How the body’s nervous system influences food and drinks choices
Have you ever had that feeling in a restaurant, when you’re ravenously hungry, that you want to order a satisfying starter… a hefty main… something on the side… maybe some nibbles to tuck into while waiting… oh and the most sumptuous, filling sweet when it comes to dessert?
It can feel like something’s driving you to eat, Eat, EAT!
And it is: your enteric nervous system.
This is the nervous system within our digestive system. It consists of approximately 100 million nerve cells in and around the gastrointestinal tract.
In fact, our enteric nervous system (ENS) is sometimes called our “second brain” because it can act independently from our central nervous system (CNS, which is made up of our brain and spinal cord).
While our CNS is busy doing other things, our ENS is getting on with the process of digestion and monitoring the energy requirements of our cells. With a clever system of hormone secretion, it can then communicate to our brain when we need to eat. This creates a feeling of hunger.
As an evolutionary mechanism, when we are very hungry, high-energy food (think fat and sugar) becomes particularly appealing as it’s the easiest, quickest way for our body to get energy and nutrients to our cells. If we still lived in a world where food was scarce, this mechanism would be life-saving as it motivates us to seek out energy-giving food, fast!
It’s not so helpful in a world where food is plentiful.
In our modern world, this mechanism can drive us to eat more than we need.

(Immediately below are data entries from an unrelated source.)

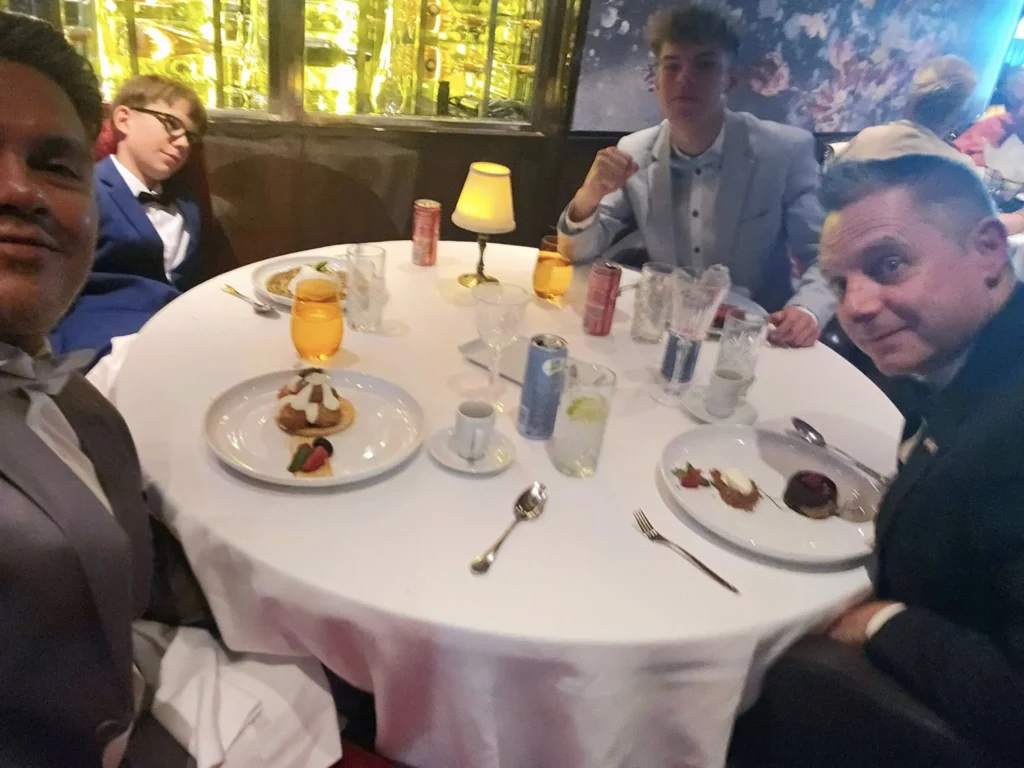 Cruising with Danny and Peter, Holland America Line, Nieuw Statendam, Biscay Bliss Sea Day | A vibrant collage capturing a sea day aboard Holland America Line’s Nieuw Statendam in the Bay of Biscay. The scene includes a pod of dolphins leaping gracefully through shimmering blue waves alongside the ship, their sleek bodies catching the sunlight. Passengers walk energetically on the sunlit deck during a charity event, with the vast ocean horizon stretching behind them. The elegant interior of Rudi’s Sel de Mer restaurant features a beautifully set table with a plate of seared scallops and a chocolate soufflé, illuminated by warm lighting. The World Stage theater glows with a large LED screen displaying Dover’s white cliffs, as the audience listens attentively to a port talk. A couple poses for a photoshoot on deck at sunset, framed by the golden glow of the Bay of Biscay’s horizon, with the ship’s sleek railings in the foreground.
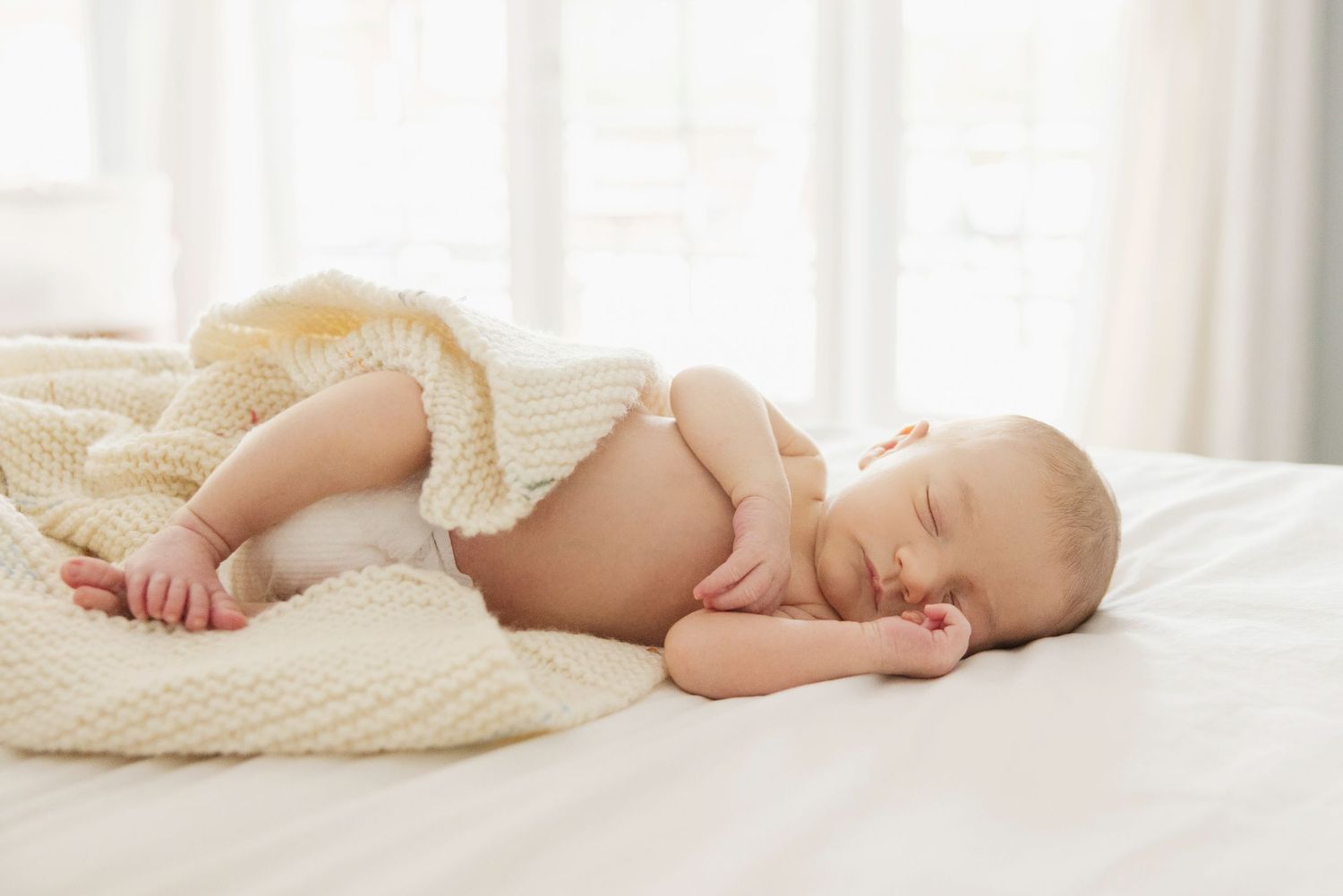 Sleeping newborn baby wrapped in cream knit blanket on white bed in bright room.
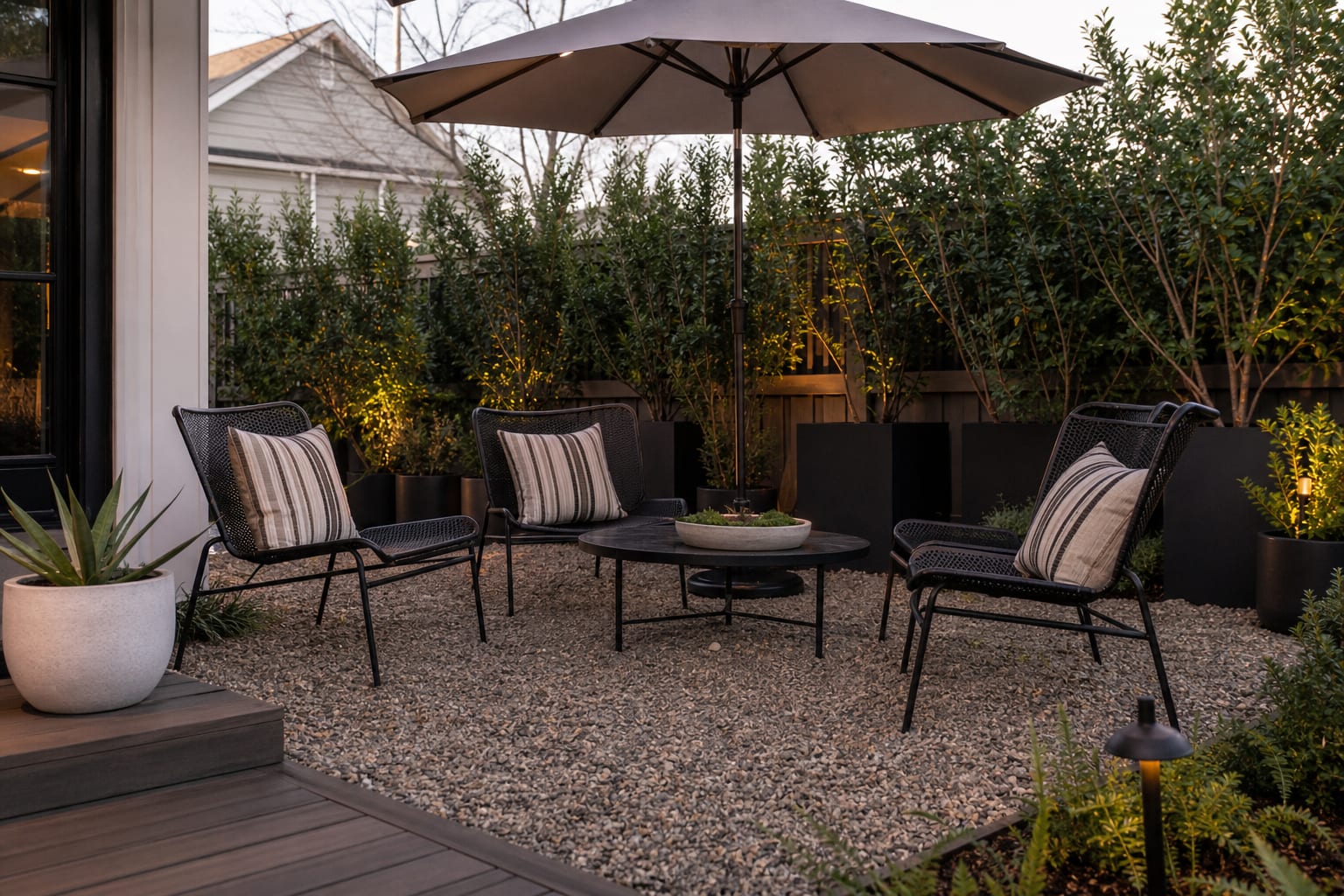 budget backyard seating zone with pea gravel, black metal chairs, large umbrella, and planters used as a privacy edge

But what’s interesting is that the drive can quickly dissipate once we have had something to eat.
Have you ever regretted ordering all that food after you’ve finished the starter?
So our guts are amazingly clever, even if challenged by our modern world.
And there is another way that our guts could be doing the thinking…
We’re not alone in there.
Our microbiome is doing the thinking too.
Our gut is teeming with bacteria (as well as fungi and viruses), where microbial genes outnumber human genes by at least 100 to 1. Yes, we are made up of more bacteria than cells.
Increasingly, research is suggesting that the types of bacteria we have in our gut, may be influencing the food that we eat.
As different strains of bacteria thrive on different types of matter (carbohydrates, fats, fibre, etc), there is growing evidence to suggest that the types of bacteria we have in our gut can create food preferences and even cravings.
There is also evidence that certain gut microbes may stimulate overeating.
The good news for us is that the bacterial make-up of our microbiome can be changed through the foods that we mindfully choose to eat, which in time will alter our food preferences.
It’s also thought that practices such as exercise, yoga and meditation have a positive effect on regulating the amount of food we take in relative to the energy our cells use.
Thus, our gut bacteria may influence what we feel like eating but we can begin to influence the type of bacteria that we host.